▸ **What you need to do**: Your task is to quote the records from their first line through the line containing "gadsimta darbos ir", with nothing added or left out.

▸ **Caption-style text data**:
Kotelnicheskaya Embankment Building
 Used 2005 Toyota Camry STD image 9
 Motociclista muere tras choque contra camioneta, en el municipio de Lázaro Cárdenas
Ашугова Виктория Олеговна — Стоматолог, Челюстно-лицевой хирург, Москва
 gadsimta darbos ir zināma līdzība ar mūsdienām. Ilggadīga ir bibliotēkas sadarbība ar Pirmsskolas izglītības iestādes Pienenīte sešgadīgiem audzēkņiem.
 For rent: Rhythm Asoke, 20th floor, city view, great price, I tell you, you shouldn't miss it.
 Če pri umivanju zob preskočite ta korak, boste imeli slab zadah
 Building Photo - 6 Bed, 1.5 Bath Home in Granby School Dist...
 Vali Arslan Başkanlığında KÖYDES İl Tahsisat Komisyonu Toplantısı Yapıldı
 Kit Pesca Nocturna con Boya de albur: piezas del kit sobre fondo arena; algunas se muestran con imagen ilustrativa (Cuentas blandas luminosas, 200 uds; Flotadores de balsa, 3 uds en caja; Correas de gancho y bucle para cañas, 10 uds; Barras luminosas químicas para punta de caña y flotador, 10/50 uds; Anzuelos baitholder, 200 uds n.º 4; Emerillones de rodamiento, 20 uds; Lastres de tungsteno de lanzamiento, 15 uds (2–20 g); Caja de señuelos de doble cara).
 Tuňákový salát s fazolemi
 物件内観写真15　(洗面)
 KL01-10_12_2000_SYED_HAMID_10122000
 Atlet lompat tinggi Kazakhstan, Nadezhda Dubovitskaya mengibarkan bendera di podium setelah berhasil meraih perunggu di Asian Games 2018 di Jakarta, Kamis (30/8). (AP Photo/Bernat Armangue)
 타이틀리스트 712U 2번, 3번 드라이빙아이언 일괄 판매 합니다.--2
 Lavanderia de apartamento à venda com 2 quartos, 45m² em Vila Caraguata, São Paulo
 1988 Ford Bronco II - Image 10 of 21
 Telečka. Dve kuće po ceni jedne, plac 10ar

▸ **Solution**:
Kotelnicheskaya Embankment Building
 Used 2005 Toyota Camry STD image 9
 Motociclista muere tras choque contra camioneta, en el municipio de Lázaro Cárdenas
Ашугова Виктория Олеговна — Стоматолог, Челюстно-лицевой хирург, Москва
 gadsimta darbos ir zināma līdzība ar mūsdienām. Ilggadīga ir bibliotēkas sadarbība ar Pirmsskolas izglītības iestādes Pienenīte sešgadīgiem audzēkņiem.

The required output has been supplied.